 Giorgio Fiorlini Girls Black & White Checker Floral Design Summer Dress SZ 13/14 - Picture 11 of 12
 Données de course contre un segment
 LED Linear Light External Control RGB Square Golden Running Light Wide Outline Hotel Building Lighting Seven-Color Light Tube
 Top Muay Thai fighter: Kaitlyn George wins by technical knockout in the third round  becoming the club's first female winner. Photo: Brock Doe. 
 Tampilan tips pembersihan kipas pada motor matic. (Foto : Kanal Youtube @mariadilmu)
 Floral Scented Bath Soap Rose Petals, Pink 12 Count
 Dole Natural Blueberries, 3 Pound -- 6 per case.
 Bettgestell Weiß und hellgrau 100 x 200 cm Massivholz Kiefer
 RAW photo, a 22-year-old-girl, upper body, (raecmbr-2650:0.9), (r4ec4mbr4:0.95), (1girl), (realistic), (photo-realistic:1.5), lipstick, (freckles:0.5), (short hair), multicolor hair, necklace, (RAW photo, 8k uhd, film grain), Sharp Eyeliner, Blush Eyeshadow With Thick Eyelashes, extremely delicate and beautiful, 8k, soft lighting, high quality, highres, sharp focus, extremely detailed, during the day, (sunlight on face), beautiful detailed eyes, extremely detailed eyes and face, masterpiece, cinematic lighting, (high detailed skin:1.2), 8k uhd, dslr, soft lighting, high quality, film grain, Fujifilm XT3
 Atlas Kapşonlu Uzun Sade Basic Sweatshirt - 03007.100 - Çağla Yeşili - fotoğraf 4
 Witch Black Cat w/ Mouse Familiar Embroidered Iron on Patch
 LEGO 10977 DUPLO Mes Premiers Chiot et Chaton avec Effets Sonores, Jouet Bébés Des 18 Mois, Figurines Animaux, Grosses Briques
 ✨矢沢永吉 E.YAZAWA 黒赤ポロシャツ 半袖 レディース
::::
Exercise requirements: Only one stretch of the data above is needed. Restate it word for word, from the line containing "Dole Natural Blueberries, 3" through the line containing "Bettgestell Weiß und", both ends included.

Response area:
 Dole Natural Blueberries, 3 Pound -- 6 per case.
 Bettgestell Weiß und hellgrau 100 x 200 cm Massivholz Kiefer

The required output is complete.